Why Florida Schools Can Paddle Students Against Parents’ Wishes
State law allows schools in Florida to punish students by spanking them with a paddle, which is often a wooden or plexiglass board.
The administrators at most schools with corporal punishment policies ask parents for permission to paddle their children. Many principals say they will not paddle a kid against the parent’s wishes.
But schools don’t always check the paperwork before they administer the punishment.
And when that happens, Florida statutes protect the principals and teachers from lawsuits.
Florida Law Protects Principals and Teachers
Robert Rush, a civil rights attorney in Gainesville, says state law does not require schools to get parental consent.
“If the school board and the principal specifically authorize corporal punishment, it can be administered lawfully against the parent’s wishes,” Rush said.

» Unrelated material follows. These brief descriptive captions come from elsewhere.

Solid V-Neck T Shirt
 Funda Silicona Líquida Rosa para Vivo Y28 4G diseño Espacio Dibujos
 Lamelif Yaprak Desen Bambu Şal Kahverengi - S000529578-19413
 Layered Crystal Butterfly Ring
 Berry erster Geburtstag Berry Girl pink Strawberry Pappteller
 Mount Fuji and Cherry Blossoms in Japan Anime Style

State statutes say a principal or the principals designated representative “shall not be civilly or criminally liable for any action carried out in conformity with the State Board of Education and district school board rules regarding the control, discipline, suspension, and expulsion of students.”
(Check out our map of districts which practice corporal punishment here.)
That means schools cannot be sued for paddling students.
“And part of the reason for that is to do a balancing test so that we’re not disrupting schools unnecessarily with frivolous claims,” Rush said.
The only way a parent can sue is to argue excessive force or cruel and unusual punishment.
In Levy County, Tenika Jones is making that claim.
Mom Says Paddling Left Welts on Preschooler
Her son Gierrea Bostick was paddled during his second week of preschool at Joyce Bullock Elementary in Williston, Fla.
Gierrea slapped another boy on the school bus. He was five years old.
Gierrea says he was taken off the bus and sent to the principal’s office for a spanking.
“She spank me on my booty,” Gierrea said. “I cried all the way home. It was really hard.”
Jones says the wooden paddle left welts on Gierrea’s bottom.
And she says her son’s welts show that excessive force was used.
“If I would have hit my son how she hit him, I would have been in jail, I would have been on the news, I would have been messed up trying to get my children back, how she hit my son,” Jones said. “She whipped him up and to me that’s child abuse.”
Jones did not sign the waiver the school sent home asking for permission to paddle her son.
She has filed a notice to sue the Levy County School District.
The school’s principal, Jamie Handlin, and the school district would not comment because they’re in pre-litigation.
But the principal has said in the past that the waiver is only a courtesy.
Attorney Rush agrees.
And he says Gierrea’s mom faces an uphill battle.
In a letter to Gierrea’s family, the attorney for the Levy County school district cited criminal child abuse cases that ruled welts and bruises on a child’s bottom are not evidence of excessive force.
Still the attorney offered the family $1,000 to settle the case.
Gierrea’s mom rejected the offer.
She says there needs to be a consequence for the principal’s actions.
“She should be fired,” Jones said. “Put her on suspension or something.”
But attorneys say the most the mom will get is money, or maybe get the school district to change its policy.
It’s been a year since Gierrea was paddled at Joyce Bullock Elementary. And Tenika Jones has demanded no more interaction between the principal and her son.
“This lady is still at this school and ain’t nothing happened,” Jones said. “So I told her, I say ‘ma’am, I don’t want you talking to my child.'”
Jones is forced to keep Gierrea enrolled at Joyce Bullock.
It’s the only public school in their small town for kindergarten through second grade.
Gierrea will have to stay there for two more years.